Data to use ▸
◇ ◇ ◇ ◇ ◇ ◇ ◇

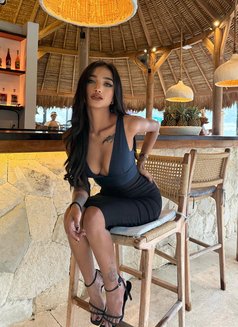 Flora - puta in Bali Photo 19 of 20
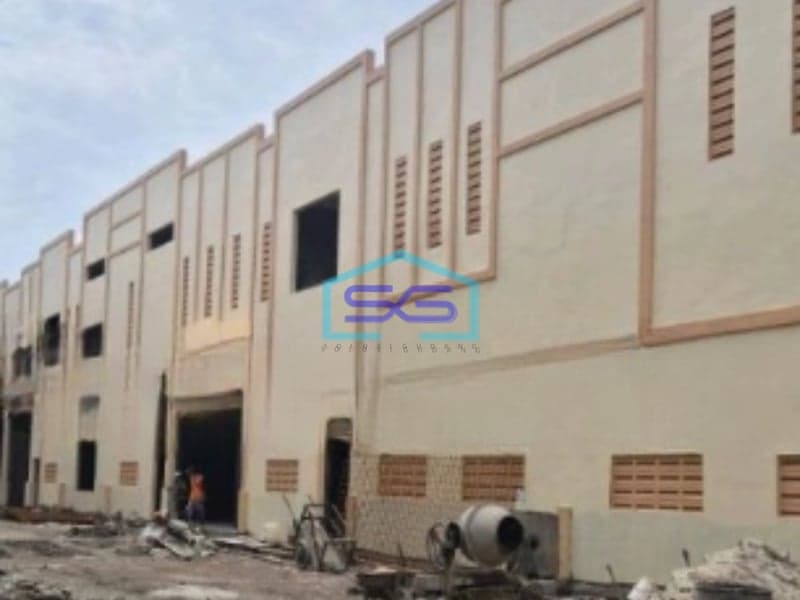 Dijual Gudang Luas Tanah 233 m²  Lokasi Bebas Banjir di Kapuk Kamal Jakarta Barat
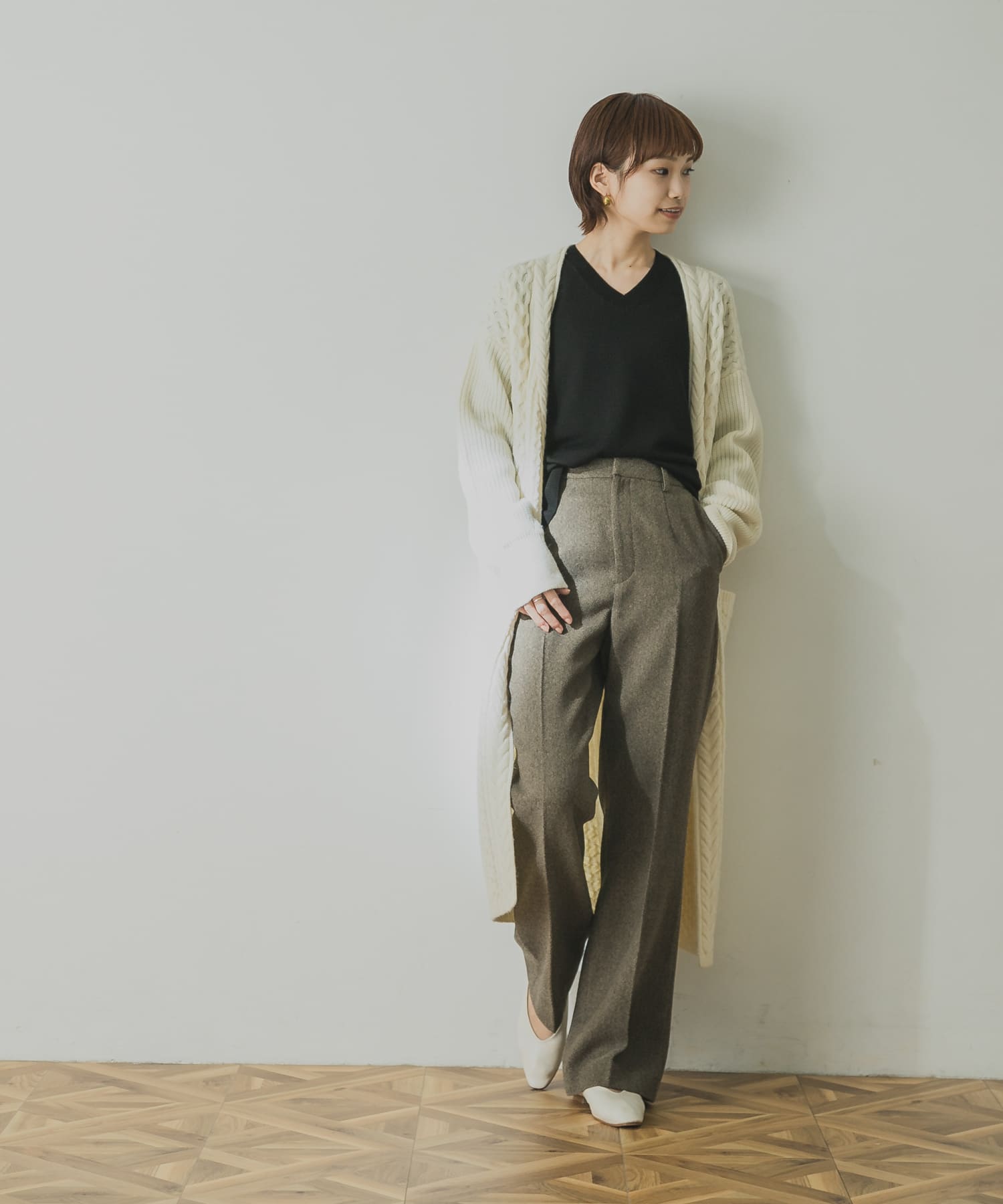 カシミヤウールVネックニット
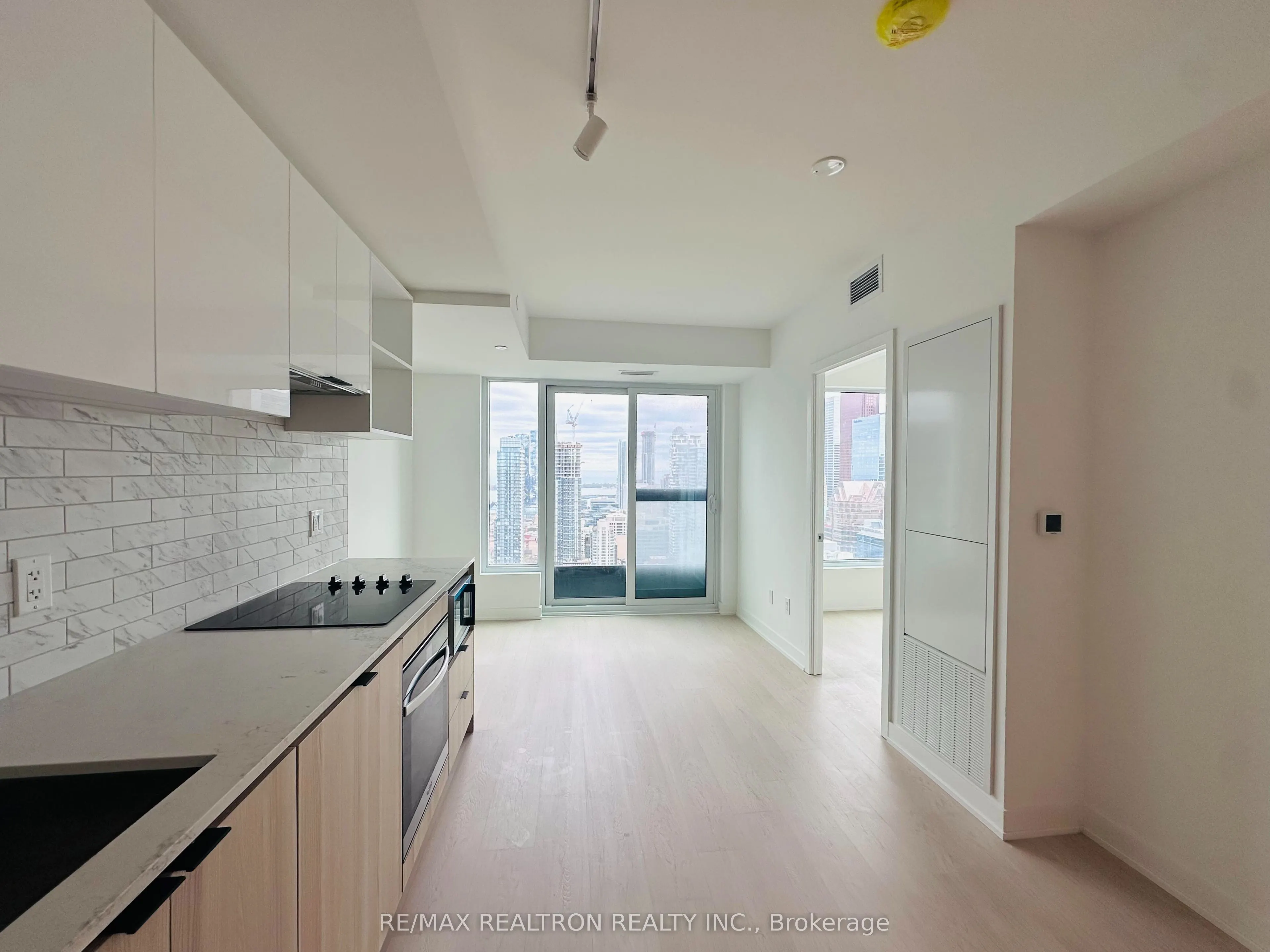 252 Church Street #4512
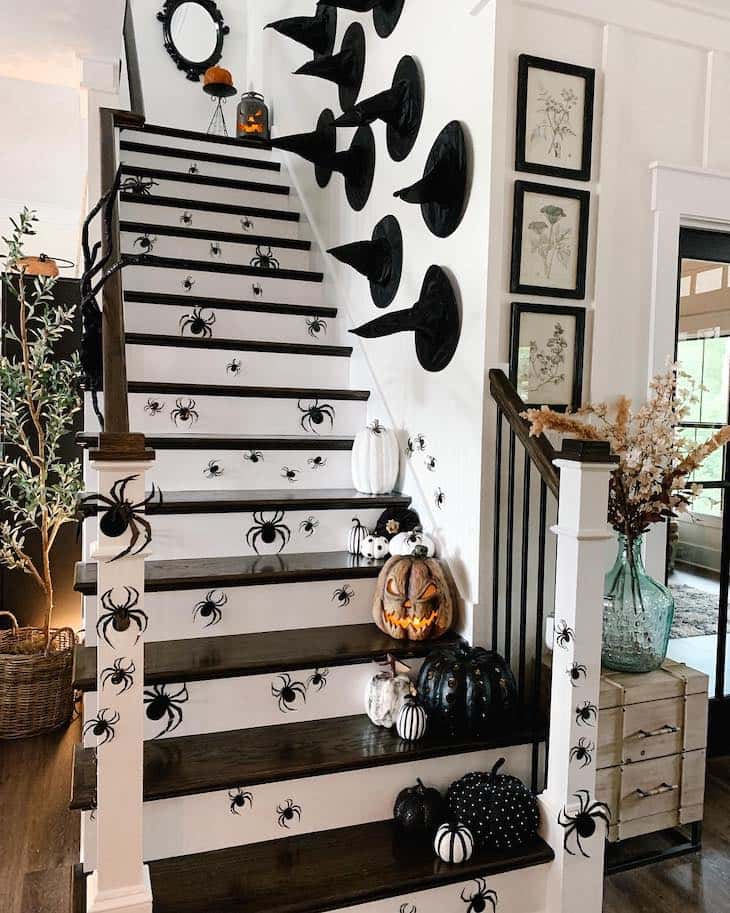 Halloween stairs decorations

◇ ◇ ◇ ◇ ◇ ◇ ◇

Requirement ▸ The data above, line by line: transcribe it exactly and drop the pictures.

The completed task ▸
 Flora - puta in Bali Photo 19 of 20
 Dijual Gudang Luas Tanah 233 m²  Lokasi Bebas Banjir di Kapuk Kamal Jakarta Barat
 カシミヤウールVネックニット
 252 Church Street #4512
 Halloween stairs decorations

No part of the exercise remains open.